Can Otterbein Keep Ohio in the Pool B Biz?
For a long time, Ohio was the land of Pool B. The programs in the North Coast Athletic Conference gobbled up the independent bids at an alarming rate by utilizing their above average schedules and talented rosters. That's all over now, with the NCAC finally joining the Pool A/C party this spring.
But the Buckeye state is not completely devoid of Pool B hopefuls.
The nascent Ohio Athletic Conference, which will have three full varsity programs in 2013 and six in 2014, has the potential to fill the vacuum in the near future. The best candidate to give it a run this spring?
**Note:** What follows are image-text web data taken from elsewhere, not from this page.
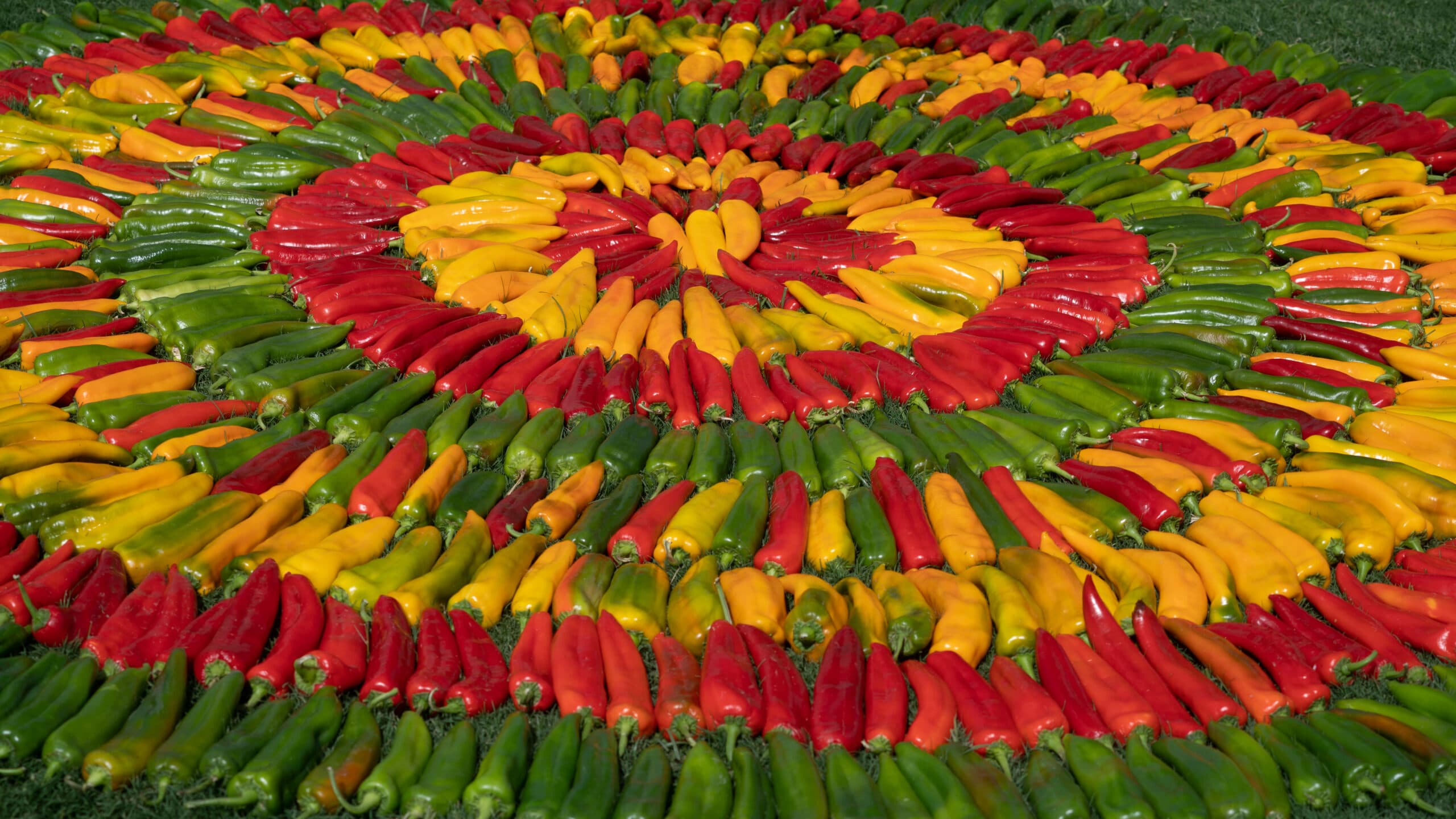AnaheimFlowerArt-8-scaled.jpg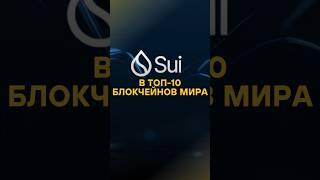 SUI — новый лидер блокчейнов! Сильная команда, маркет-мейкер и рост до ТОП-10! #Крипта #Бизнес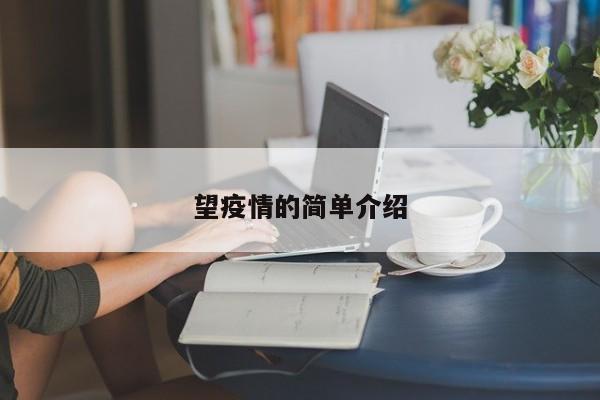 望疫情的简单介绍
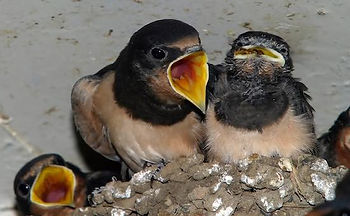 fledgling birds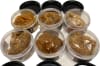 Celestial Amber Resin, 30 grams Jar - Image 4 of 0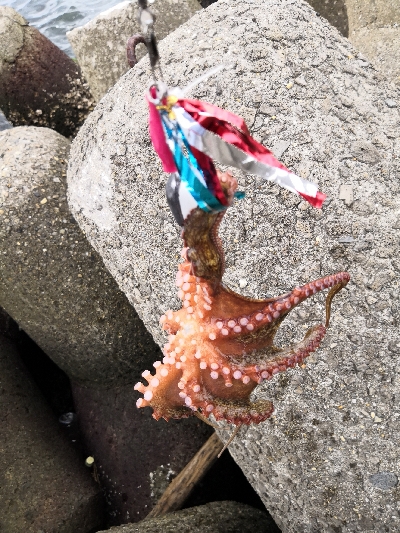 オクトパッシング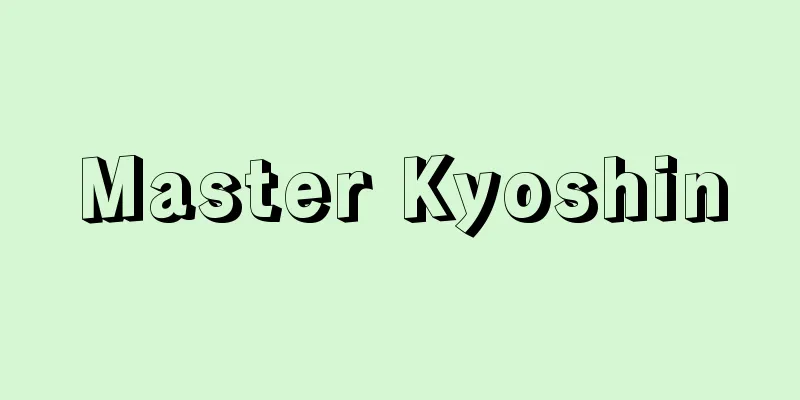 Master Kyoshin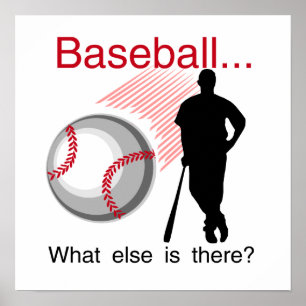 Baseball What Else T-shirts and Gifts Poster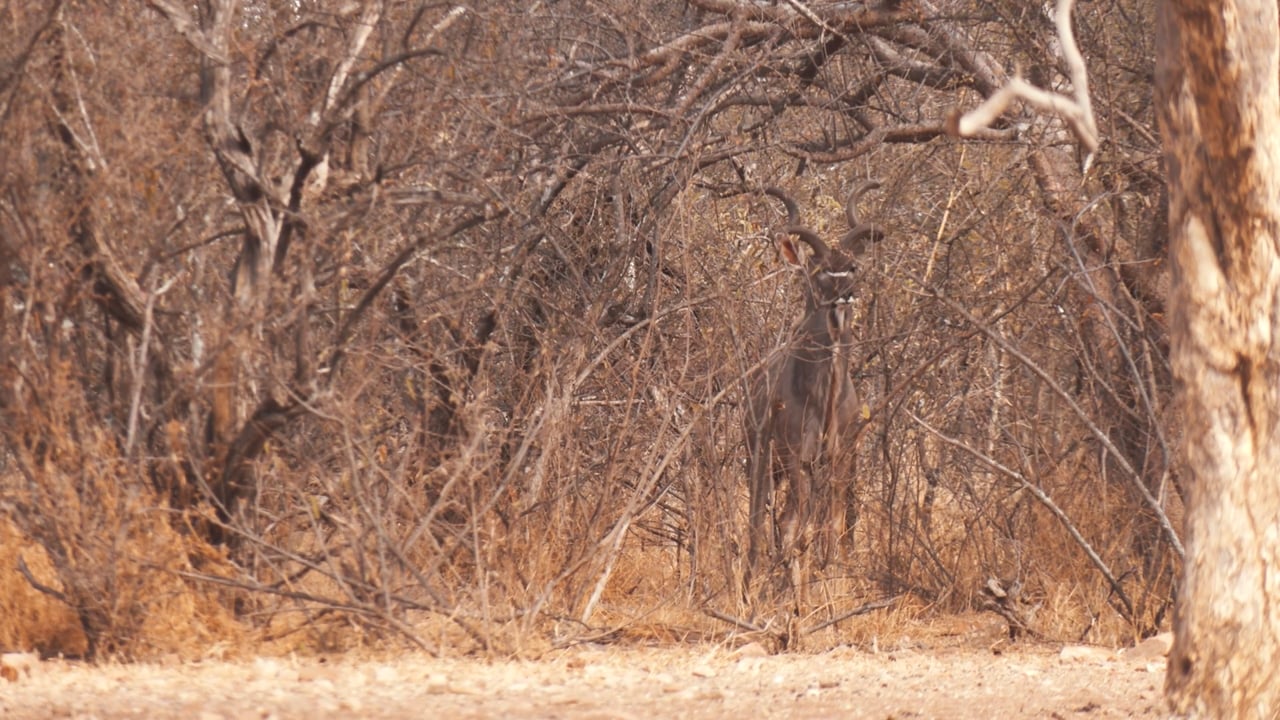 Kudu Camouflage
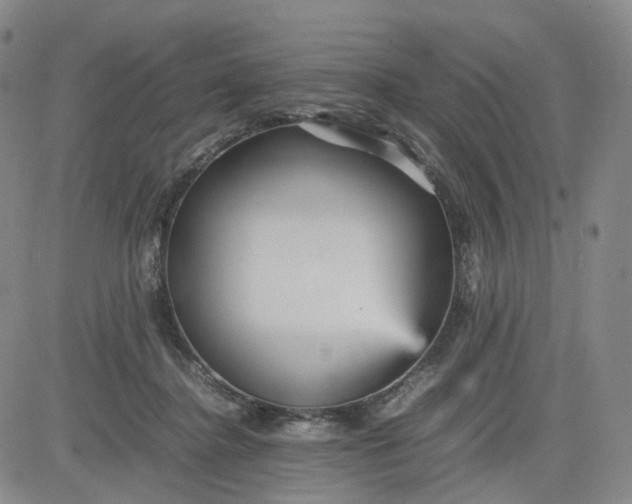 X0000080660364200612301341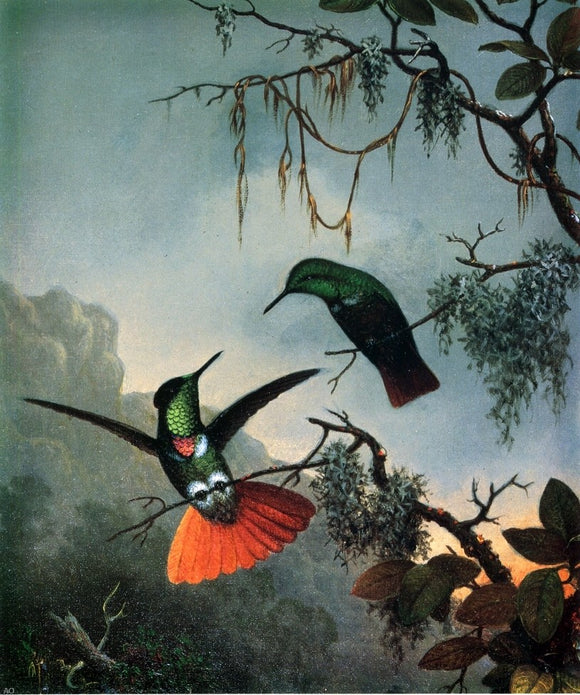  Martin Johnson Heade Two Hummingbirds - Canvas Art Print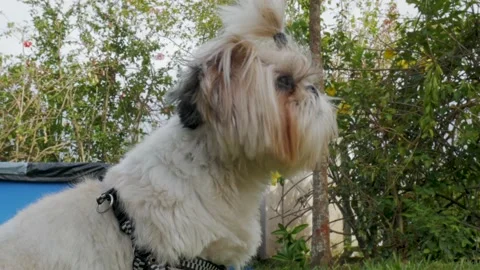 A dog on grass Stock Footage 168389415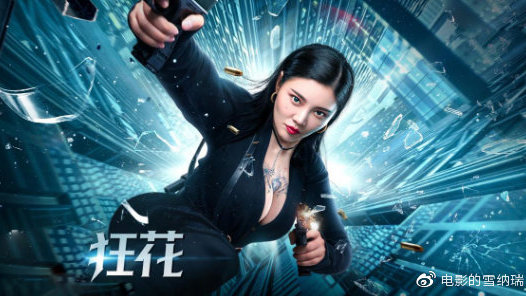 芬兰驾驶证作假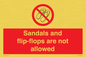 PP16771: Sandals and flip-flops are not allowed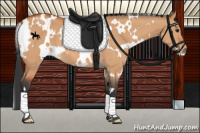 Horse Color:White Spotted Bay Dun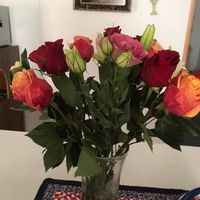 Mary Ann Brown Wofford's profile image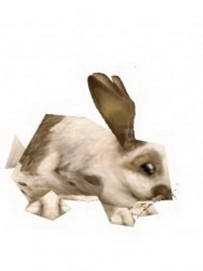 Rabbit Papercraft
Located in Westerville, Ohio, Otterbein is the most mature men's lacrosse program out of all the schools in the state and could feasibly be in the running for one of the yet to be determined number of independent bids.
"We're not living in fantasyland, but we don't want to sell ourselves short," said Colin Hartnett, Otterbein's head coach, about the program's prospects in 2013.
For the first time in program history, the Cardinals will have four-year seniors on the roster. Established in 2010, Otterbein has made steady improvement – 4-11 in '10, 7-10 in '11 and 9-6 last spring – and now the next step could be to join the hunt for the postseason with an experienced group that has a clearer path to the NCAAs.
"We've got some guys who have been with us for three and four years that are going to be a big factor in how we're going to do this year," said Hartnett.
The Cardinals lose just one starter off last year's edition, and return senior Andrew Donatelli (18g, 12a) and junior Mikey O'Neil (23g, 20a) on attack, which should be the deepest unit in '13. The midfield corps, paced by Jeff Reese (14g, 4a) and Pat Teynor (7g, 4a), will continue to be a sum of its parts. Hartnett says "we don't have one player who outshines the others."
The defense returns just about everyone, and Otterbein has four goalies returning who saw action last year.
As the NCAC showed, competing in Pool B is as much about scheduling as anything else. This might be where Otterbein has its biggest advantage. The Cardinals are playing four NCAC teams, including Ohio Wesleyan and Wittenberg, which will help the RPI, but will also be playing many of the teams they will grapple with for the Pool B bids.
Hartnett is bringing his club down to play independents Ferrum and Greensboro before traveling to St. Vincent and hosting Whittier. If they can sweep those games – and keep their record at .500 or better – the Cardinals should be in the driver's seat. Winning tough games on the road will be key in achieving the latter.
Last year, five of Otterbein's six losses came away from Westerville. Can that be changed?
"We hope so," Hartnett said. "Hopefully a little more age and being a little older and a little smarter and a little better will push us over the top in games like that."
Like the NCAC before them, the Pool B days for the OAC schools may be numbered. With Mount Union and Wilmington joining Otterbein this spring, and then Baldwin-Wallace, Capital and John Carroll coming online in 2014, the league is just one school away from garnering an AQ. With four institutions currently without the sport – Heidelberg, Marietta, Muskingum and Ohio Northern – the odds are pretty good in the near future.
"I hear rumors," said Hartnett.
It will be only then that Ohio will no longer be in the Pool B business.